The Spanish newspaper man is endowed with an extraordinary lack of
imagination and of curiosity. I recall having given a friend, who was a
journalist, a little book of Nietzsche's to read, which he returned with
the remark that he had not been able to get through it, as it was
insufferable drivel. I have heard the same opinion, or similar ones,
expressed by journalists of Ibsen, Schopenhauer, Dostoievsky, Stendhal
and all the most stimulating minds of Europe.
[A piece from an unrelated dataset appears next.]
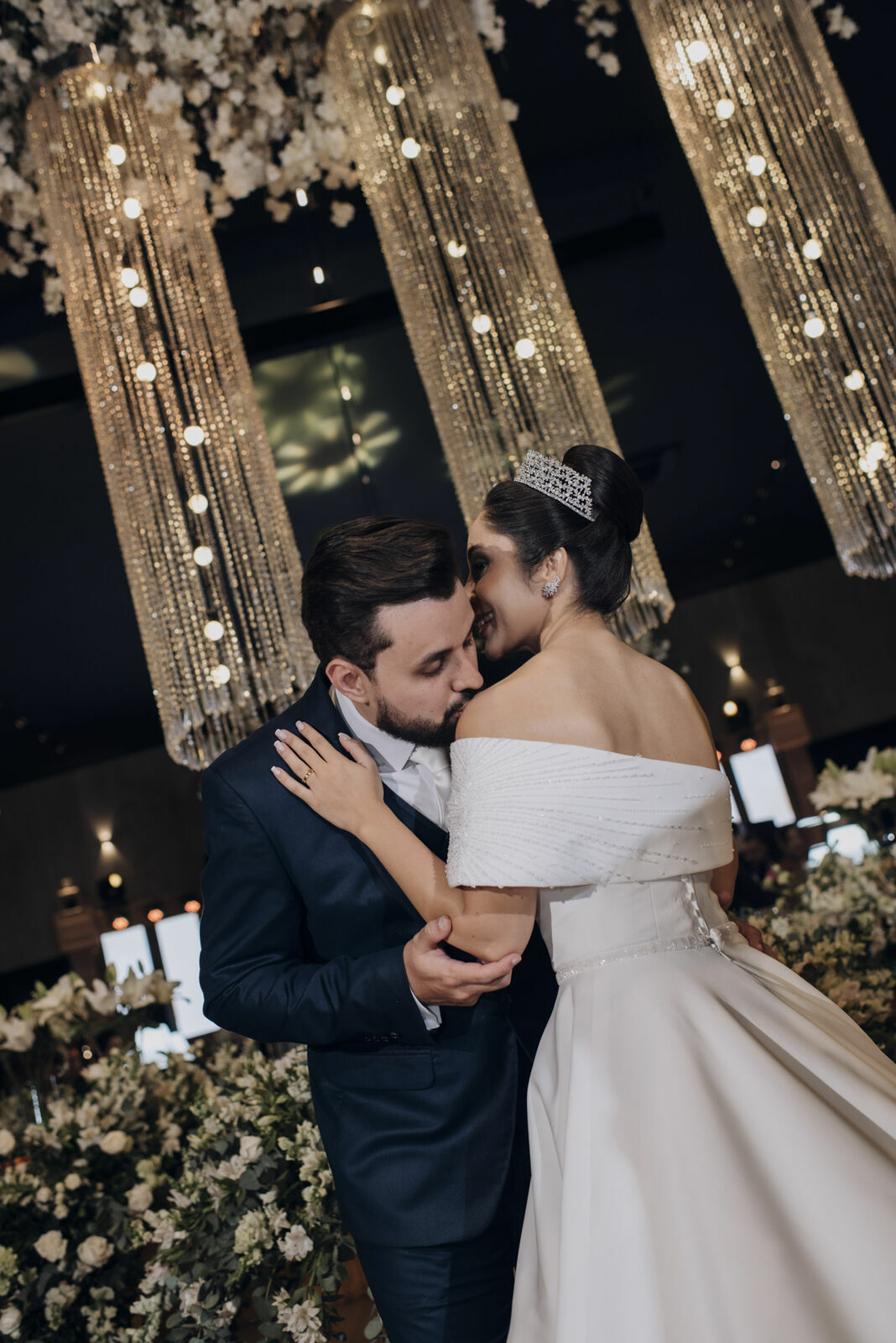 Foto Entre lágrimas e sorrisos: um casamento celebrado com fé, amor e gratidão a Deus... - Imagem 63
The wretched Saint Aubin, wretched certainly as a critic, used to
ridicule Tolstoi and the illness which resulted in his death,
maintaining that it was nothing more than an advertisement. The most
benighted vulgarity reigns in our press.
Upon occasion, vulgarity goes hand in hand with an ignorance which is
astounding. I remember going to a cafe on the Calle de Alcala known as
la Maison Doree one afternoon with Regoyos. Felipe Trigo, the novelist,
sat down at our table with a friend of his, a journalist, I believe,
from America. I have never been a friend of Trigo's, and could never
take any interest either in the man or his work, which to my mind is
tiresome and commercially erotic, besides being absolutely devoid of all
charm.
Regoyos, who is effusive by nature, soon became engaged in conversation
with them, and the talk turned upon artistic subjects, in which he was
interested, and then to his travels abroad.